Geschäft ist beratungsintensiver geworden
Darauf gibt es viele mögliche Antworten. Auf jeden Fall passt sich die Branche den Notwendigkeiten an, die sich aus der Weiterentwicklung der Technologie ergibt. Schon der Übergang zum Eigenverbrauch hat die Branche grundsätzlich verändert. Und auch durch die Sektorenkopplung ergeben sich neue Anforderungen. Das Geschäft ist komplizierter und beratungsintensiver geworden.
Also haben aktive Solar-Handwerksbetriebe heute mehr „Qualität“ in der Mannschaft, wie es im Fußball heißt?
Professionalität in jedem Fall. Das sehe ich in Deutschland auch im Vergleich zu Nachbarmärkten. Einerseits, weil das Handwerk bei uns über längere Erfahrung verfügt, andererseits weil es hierzulande eine zunehmende Nachfrage nach komplexeren Systemen gibt. Das zeigt sich auch in unserer Absatzentwicklung: Wir verkaufen zwar weniger kW als zu Zeiten der Direkteinspeisung bis 2012, aber der Speicherabsatz ist exponenziell gestiegen und die Nachfrage im Bereich der privaten und gewerblichen Ladeinfrastruktur explodiert. Außerdem sehen wir über das Handwerk Arbeit auf uns zukommen durch die Nachrüstung von Post-EEG-Anlagen.
Wenn ein Handwerksbetrieb halb so viele Anlagen verkauft wie früher, zudem mit preiswerteren Modulen, aber dafür mit Speicher und Wallbox, dann macht er den gleichen Umsatz?
Ja. Aber er muss beim Kunden wesentlich mehr Beratungseinsatz zeigen und er muss bei Einkauf und Fortbildung etwas mehr Vorarbeit leisten. Der Fachkräftemangel wird deshalb mittelfristig der Punkt sein, der am meisten bremst.
Trend zur Digitalisierung
Was hat sich in der Corona-Zeit bei Ihnen im Betrieb von EWS nachhaltig verändert?

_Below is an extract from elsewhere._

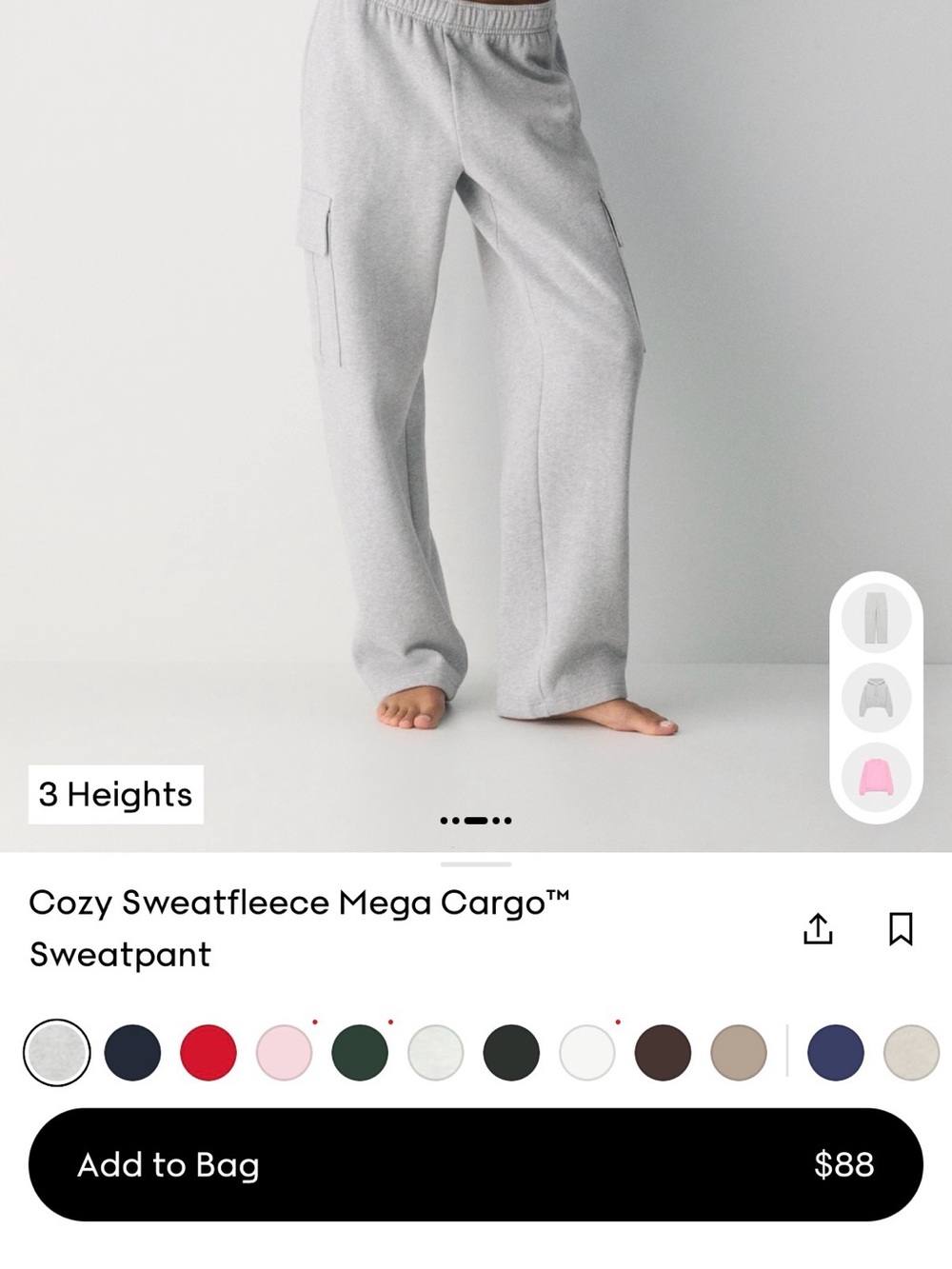Aritzia Light Gray Cargo Sweatpants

Der positive Trend bei der Akzeptanz von erneuerbaren Energien hat die potenziell negativen Auswirkungen von Corona bei uns und in der ganzen PV-Branche überkompensiert. Die positive Grundstimmung in Politik und Gesellschaft hat die coronabedingte Kaufzurückhaltung bestimmter Käufergruppen, die vor allem im Gewerbe zu spüren war, mehr als ausgeglichen.
Erhöht hat sich durch Corona der ohnehin schon vorhandene Druck, sich noch stärker zu digitalisieren. In den letzten Jahren sind bei uns alle Vorgänge im Vertrieb und in der Kommunikation stark digitalisiert worden. Wir können heute mit dem gleichen Team dreimal mehr Absatz bewältigen. Unsere Kunden haben wir dabei immer aktiv eingebunden und unterstützt.

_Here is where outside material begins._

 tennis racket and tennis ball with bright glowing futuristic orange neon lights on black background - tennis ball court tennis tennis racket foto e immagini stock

Sie haben eben betont, wie wichtig stabile Kundenbeziehungen sind. Können die denn bei zunehmend digitalisiertem Umgang miteinander noch so intensiv und persönlich sein? Wo bleibt das Geschäft per Handschlag?
Den Handschlag haben wir uns ja nun leider alle abgewöhnen müssen. Aber es ist tatsächlich so, dass die Konzentration auf persönliche Wünsche der Kunden jetzt mehr Raum findet.
Mehr Zeit für Kunden
Weil Kunden für standardisierte Vorgänge unsere Online-Tools benutzen, haben wir mehr Zeit, bei schwierigen Fällen enger mit ihnen zusammenzuarbeiten und die Kundenbeziehung zu intensivieren. Die Telefonate sind nicht kürzer, sondern länger geworden.

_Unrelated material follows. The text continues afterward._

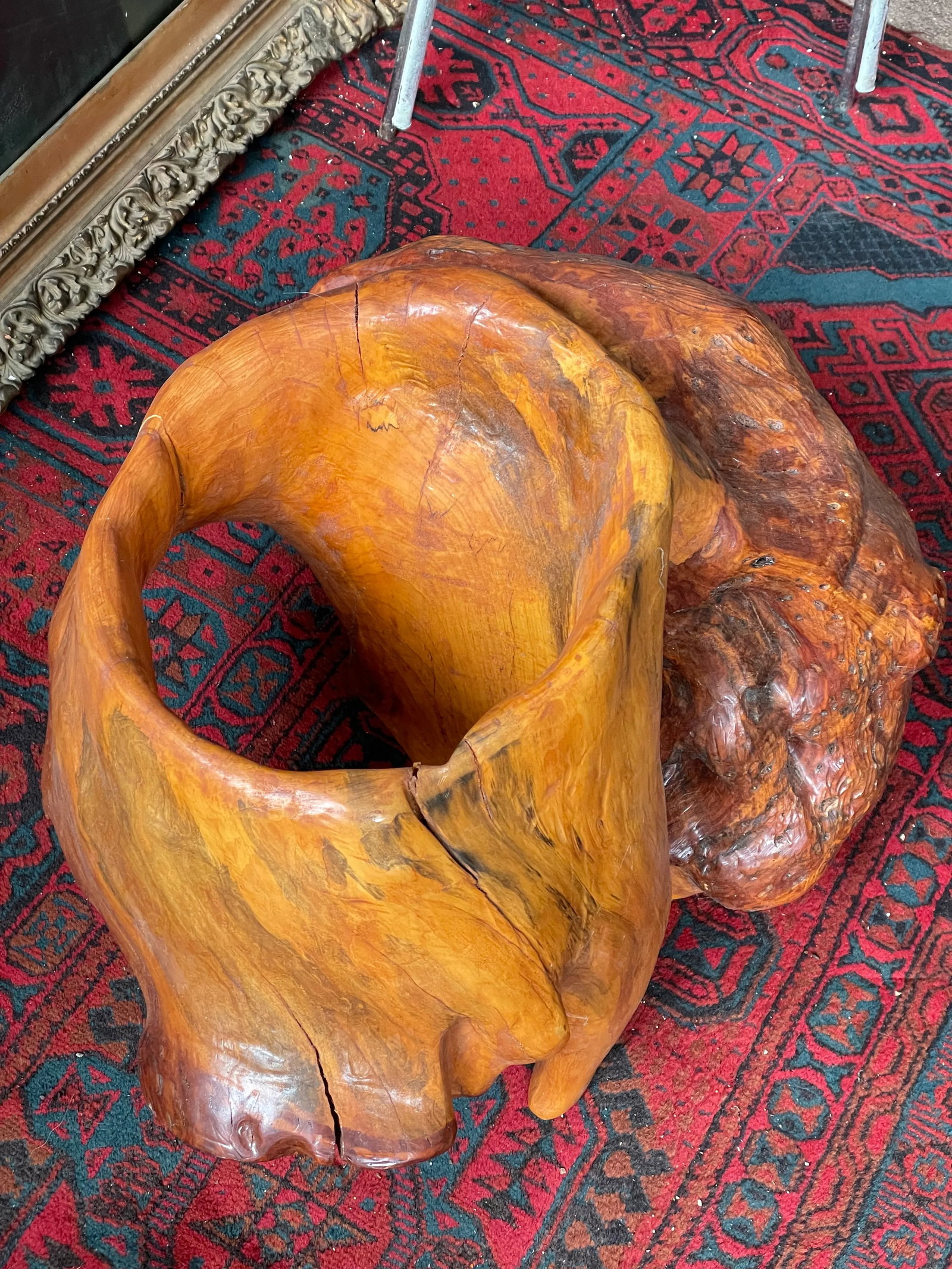 Abstract Free Form Burled Wood Sculpture Plant Stand Modern - 8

Wie erleben Sie aktuell die Politik?
Ich habe kürzlich Olaf Scholz persönlich sagen hören, dass er einen PV-Ausbau von jährlich 15 GW für erstrebenswert hält. Dafür muss man natürlich auch etwas andere Rahmenbedingungen schaffen. Denn die Tatsache, dass wir in Deutschland derzeit einen wachsenden Markt haben, kann ja nicht darüber hinwegtäuschen, dass die Entwicklung viel weniger dynamisch ist als in Nachbarländern wie Polen oder den Niederlanden, wo der Zubau pro Einwohner viel höher ist. Bei uns ist noch viel Luft nach oben.
Was steht auf Ihrem Wunschzettel an die neue Bundesregierung?
Erstens: den Ausbaukorridor und die Degressionsschritte anpassen an die Ziele. Zweitens: Homogenisierung der Vergütungssätze innerhalb der Anlagenklassen. Und drittens: die positive Stimmung, die in der Bevölkerung gegenüber den erneuerbaren Energien herrscht, weiter unterstützen, indem die Belastung durch die EEG-Umlage sozialverträglicher organisiert wird.